Are you a conservative investor who is worried that the markets will continue to remain iffy? You could invest in ICICI Prudential Dynamic Fund. A consistent performer with a large-cap bias, the fund has managed to beat its benchmark, the Nifty 50, by between 3 and 5 per cent over one-, three- and five-year periods. Over a longer period of five years, the fund’s performance is on par with other large-cap-oriented funds, such as SBI Magnum Equity and ICICI Pru Top 100.

The fund contains downsides in falling and volatile markets by moving to cash and debt in place of equity. These tactical calls are taken purely on quantitative basis. If the price to book value ratio of the market indices is low, the fund raises equity holdings; if high, it raises cash/debt. The approach has clearly paid off as, over the last five years, the fund has managed to beat the benchmark 85 per cent of the time on a one-year rolling return basis.

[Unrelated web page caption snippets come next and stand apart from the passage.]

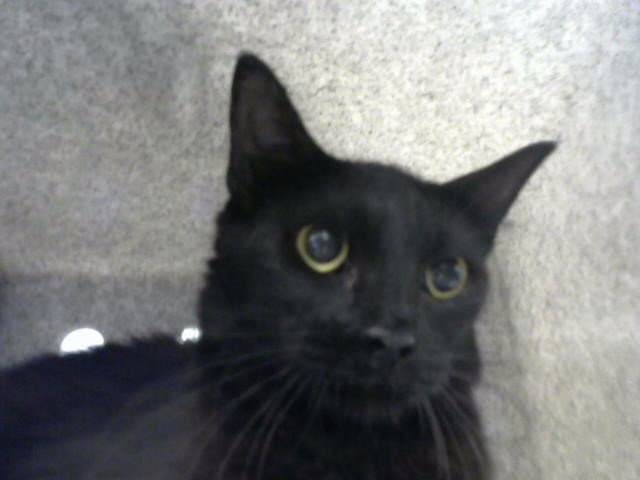 Tootsie - Domestic Long Hair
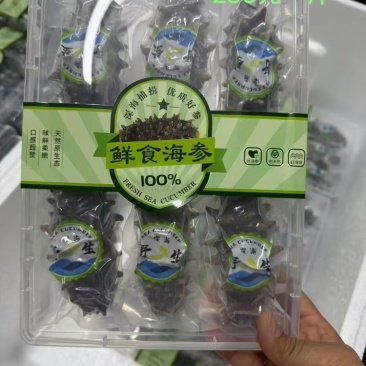 烟台海参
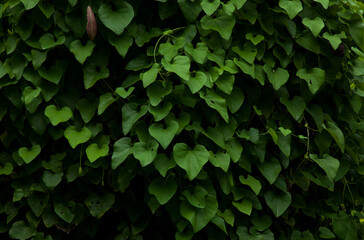 Green leaves, green leaf, nature concept, background.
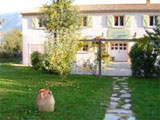 Corsican Mystery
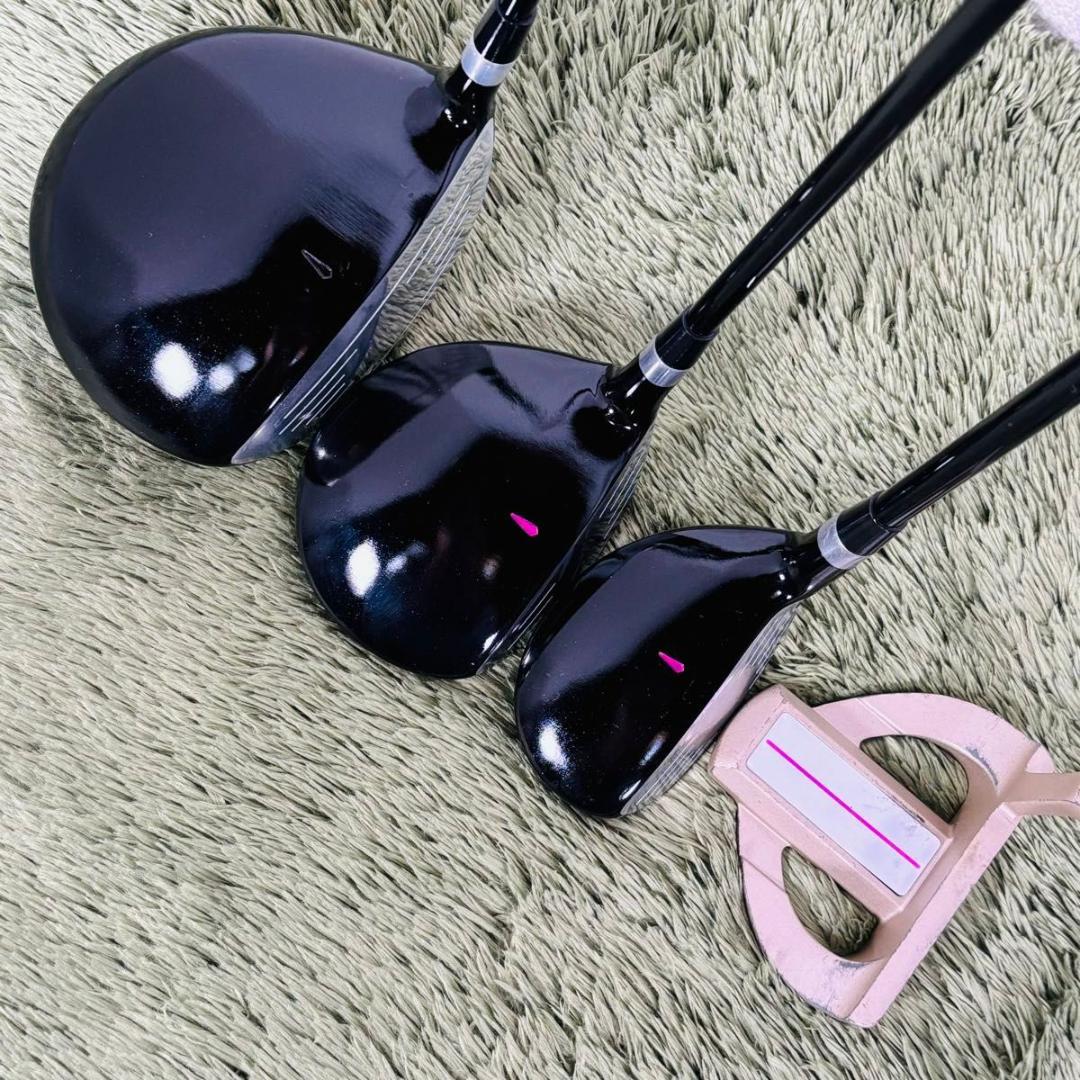 ワールドイーグル FL-01☆V2 10本セット レディースゴルフ 初心者 入門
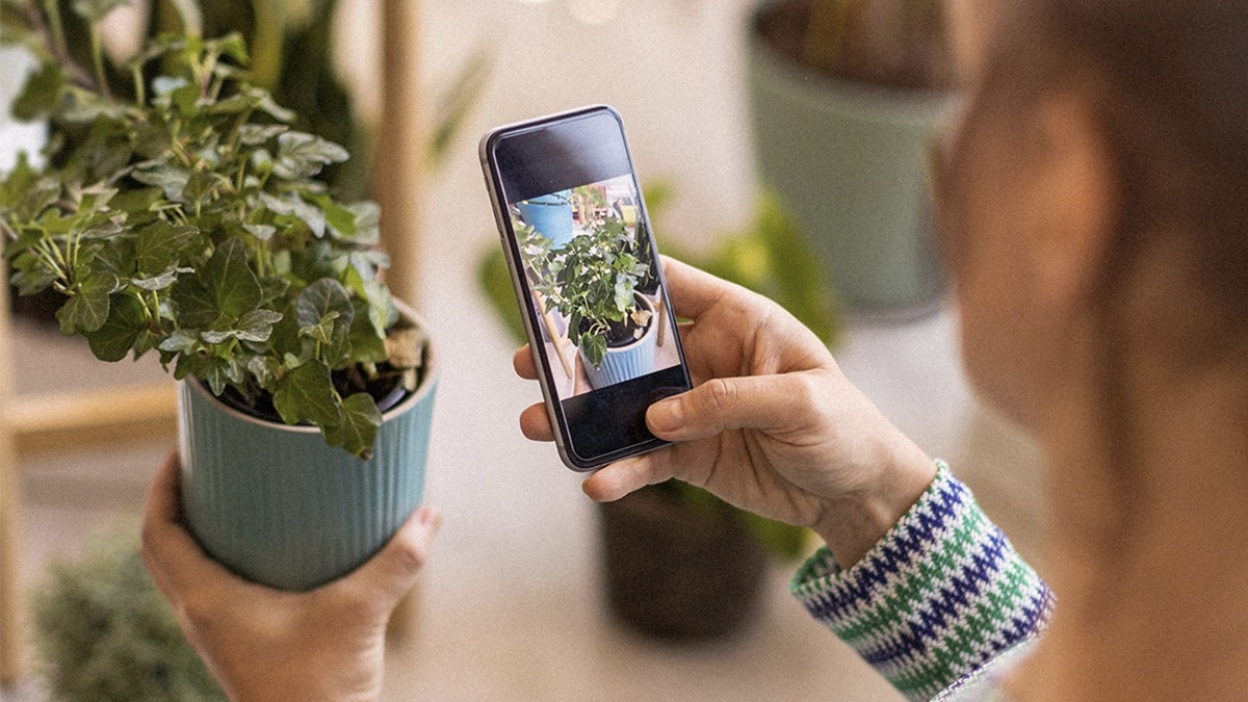 Best Plant Identification App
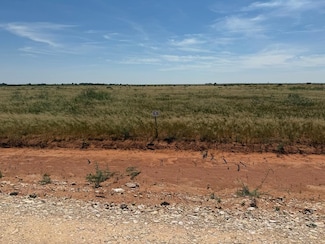 1140 SE 1630, Andrews, TX 79714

In the bear market of 2011, as the Nifty 50 dropped almost a fourth, the fund managed to contain its losses by a fifth. In January 2011, it brought down equity exposure to 83 per cent, upping cash holdings. But it upped equity investments to 93 per cent in December, thereby setting up for a strong show in the rally that followed in 2012.

During the bull run of 2014, the fund saw a 12 per cent rise in equity allocation between April and May. This paid off as the fund gained 9.5 per cent while markets rallied 7.6 per cent. Playing on the economic recovery theme with an eye on the election results in 2014, the fund increased exposure to State Bank of India while buying into metal stocks, such as Hindalco, Tata Steel, SAIL and JSW Steel during this period. It also bought into ONGC, Indian Oil and Larsen & Toubro.

Diversified portfolio

The fund usually maintains a diversified holding of between 50 and 60 stocks across various sectors. Over the last one year, Power Grid Corporation of India continues to be the top holding with a 10 per cent allocation. During this period, there has not been much change in the top three sector holdings which continue to be in private sector banks, software and power, with a little more than a third allocated to these sectors. As of February 2016, the fund holds around 60 stocks with 90 per cent of its assets in equity. In addition, it has a minor foreign equity exposure of about 2 per cent in Cognizant Technologies and holds around 6.5 per cent in cash and debt. From December 2014, the fund has maintained a large-cap slant of around 85 per cent, with the remaining 15 per cent allocated to mid- and small-caps.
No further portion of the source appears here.